Hoy 19 de Marzo es la gran noche de las Fallas, es el momento de la Cremà, del borrón y cuenta nueva primaveral. Y en días como hoy no puedo dejar de recordar mis años de mocedad en Valencia. Por aquel entonces, Sevilla para mí era la ciudad que figuraba en mi partida de nacimiento y un lugar que apenas conocía, bosquejado sólo por los retazos llenos de añoranza que me traía mi madre en forma de coplas y de macetas en el balcón; ese lejano rincón de España al que acudía en Semana Santa para conmoverme ante el pan de oro de las canastillas neobarrocas y las bandas de cornetas y tambores. Sevilla podía ser sólo eso, pero significaba mucho más. Era mi Arcadia particular, el Edén del que fui expulsada sin tiempo de explorarlo en profundidad. Y mi morriña irracional alcanzaba cotas inexplicables, como mi testaruda negativa a vivir en Valencia y a asumir que vivía en Valencia.
Me asomaba a las Fallas con cierta repulsión y fingida indiferencia, que se tornaba iracundo desprecio cuando la parafernalia que rodea a la fiesta me atacaba directamente: esos niños tirándome petardos, esas multitudes incordiando, esas bandas de musica despertándome a las siete de la mañana durante la semana que no tenía que ir al colegio y que, supuestamente, tenía libertad para dormir hasta las tantas. Y, cómo no, esos peinados incomodísimos, de roetes tirantes y peineta clavada. ¡Cómo dolía! Esa chocolatada, que recibía arrugando la nariz ante los grumos y la gruesa piel de nata. Ese cantar un himno que no era mío, de la mano de niños que no eran mis amigos.
No, yo no era valenciana. Y hacía alarde de no serlo. Una de mis pataletas más duradera, porque duraba todo el año académico, se refería a la lengua: me negaba a estudiar valenciano porque no era mi lengua. Así que, durante todo el curso, renunciaba a hacer los deberes y trabajos diversos que se nos encomendaban, máxime si la cosa trataba de escribir una redacción sobre Jaime I -allí "Jaume I, el Conqueridor"-. Sabía que no tenía dificultad en aprender, sólo fingía que no quería hacerlo. Aprobar los exámenes no era ningún problema pero, a pesar de tener buenas notas al final, mi profesora decidió -con buen criterio, pienso ahora- suspenderme por este evidente problema de actitud.

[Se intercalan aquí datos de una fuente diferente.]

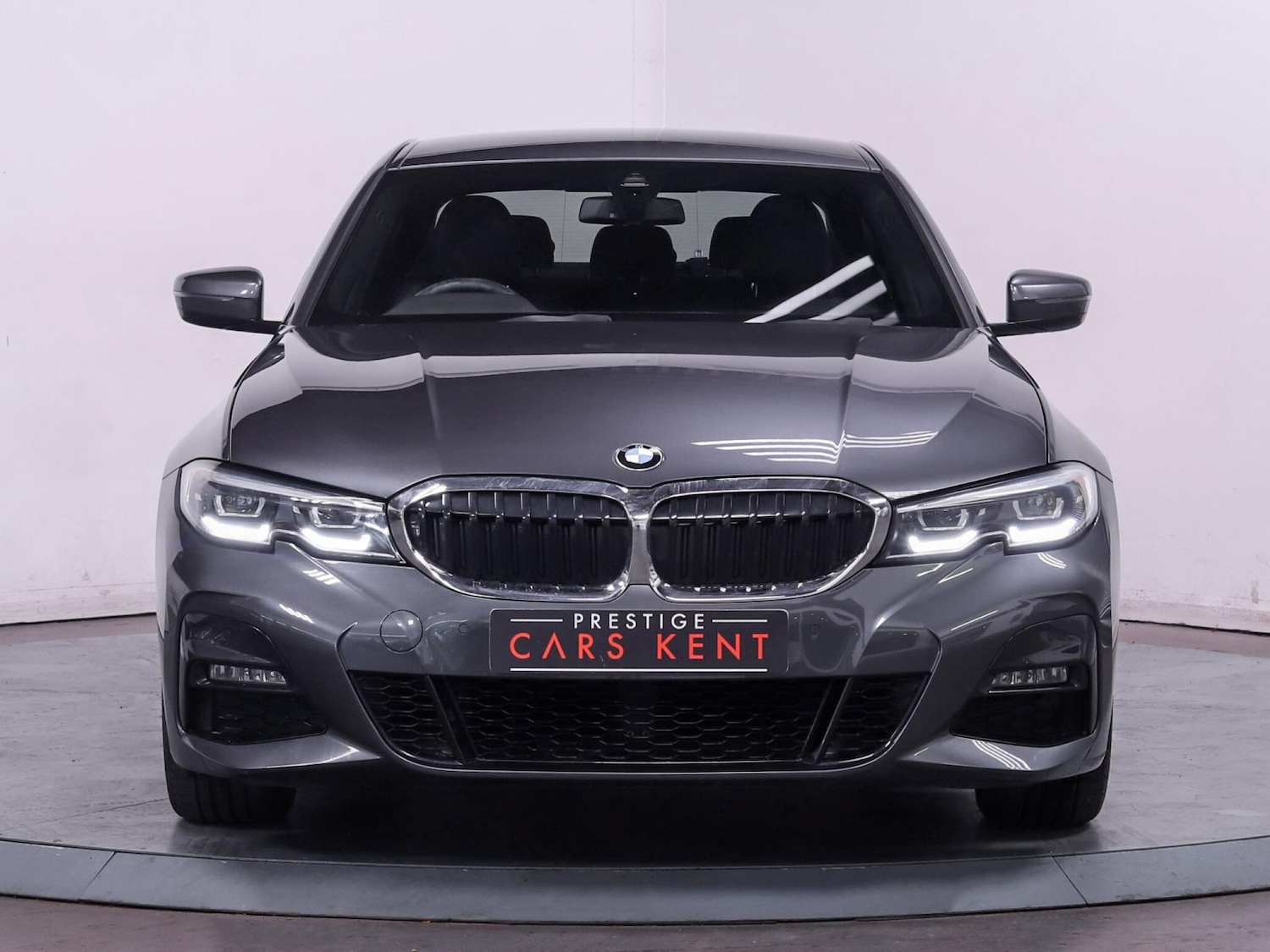 Used BMW 3 Series 2021 for sale - 75914736: Photo 7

La condición que me impuso para aprobarme consistía en realizar todas las tareas que tenía pendientes, todas las que había ido dejando atrás a lo largo del curso. No tardé más de dos semanas: aprobado asegurado, y el resto del verano para mí, sin manchas en mi expendiente. Pero sólo lo hice por eso, por no dejar manchas, por lavar más limpio y con serias dificultades para tragarme mi orgullo.
Ahora bien, si la profesora hubiera sido además una buena educadora, se habría preocupado además de hacerme entrar en razón, me habría convencido con argumentos para estudiar valenciano, que los hay. Me habría hecho entender que estudiar una lengua que no es la mía no sólo no es malo, sino que puede ser una herramienta muy útil para ayudarme a comprender mi propia lengua, si de ombliguismo se trata, dada la interconexión de las lenguas romances. Me habría hecho entender que estudiar la lengua del lugar donde vivo es un ejercicio de respeto hacia la cultura de ese lugar, un generoso intento por integrarme, del que me habría podido beneficiar con algo menos de aislamiento en mi absurda infancia. Me habría hecho entender que estudiar una lengua que no es la mía sirve, básicamente, para entender a quienes la hablan. Y no querer entender no sólo es un acto de soberbia, sino que fue la actitud más prepotente, rozando lo ridículo, que pude asumir.
Terminé hablando el valenciano bastante bien, casi como si fuera de la tierra. Pero, por falta de uso, hoy por hoy lo tengo bastante olvidado.